Artifiical intelligence has a number of potentially significant applications in healthcare, from diagnosing patients to developing life-saving drugs. Yet training the robust neural networks for healthcare applications is easier said than done. Training a neural network requires huge amounts of quality data, but in the health sector, patient data must remain secure and private. That's limited the size of datasets that researchers have had to work with.
This week, researchers from Nvidia and King's College London are debuting a new method for training neural networks that could get around this major roadblock. At the MICCAI medical imaging conference in Shenzhen, China this week, they'll be presenting their research into building a privacy-preserving federated learning system for medical imaging analysis.
"We hope it will be a big step to enabling precision medicine at a large scale," Nicola Rieke, senior research scientist at Nvidia, said to ZDNet.

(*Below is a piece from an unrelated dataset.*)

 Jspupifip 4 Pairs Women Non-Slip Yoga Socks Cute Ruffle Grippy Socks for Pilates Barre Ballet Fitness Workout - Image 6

Federated learning is a learning paradigm based on decentralized data. Rather than relying on data pooled together in a single location, an algorithmic model is trained in multiple iterations at different sites. In the healthcare sector, this offers a degree of privacy for hospitals and other organizations that want to pool their resources to train a deep learning model without actually sharing their data or letting it out of their possession.
The Nvidia and King's College researchers took a client-server federated approach with a centralized server to maintain a global deep neural network. Under this approach, participating hospitals would be given a copy of their neural network to train on their own dataset.
Once the model was trained locally for a couple of iterations, the participants would send their updated version back to the centralized server. The server would then aggregate the contributions from all of the participants to create a "consensus model." The new consensus model would be shared again with participants, and the training would continue.
However, as Rieke explained, recent research has shown that through model inversion, it'd still be possible to infer information about the datasets used to train the model. The researchers set out to create a federated learning system that tackled this privacy vulnerability.
The first step they took was to communicate only part of a model update from the participants back to the centralized server. The researchers found they could hide up to 90 percent of the model and still aggregate a consensus model with performance levels comparable to those achieved with a centralized learning system.
The research team then went one step further to obscure the data by injecting random noise. With the particular dataset they were working with, they found that they could obscure 40 percent of the model and inject noise, while still achieving the same level of performance.
To conduct this research, the team used brain tumor segmentation data from the BraTS 2018 dataset, which contains MRI scans of 285 patients with brain tumors. The BraTS dataset includes data from 13 institutions. One of the benefits of the federated learning system employed for this study is that institutions could drop in or out of the model training process without impacting its progress.
"You would have less data available" if an organization dropped out, Rieke explained, "but others can continue to work together on this one global model."
Encouraging collaborative training efforts could have a clear impact on the advancement of healthcare AI. To understand the need for a large dataset, it helps to consider the number of medical images a physician would have to review to be considered an expert in their field. A medical professional with 15 years of experience has probably read around 15,000 cases in a year, amounting to a total of 225,000. Most open health datasets offer nowhere near that many images.
"The really big challenge to healthcare AI is to build this robust, generalizable model," said Abdul Hamid Halabi, director of healthcare at Nvidia.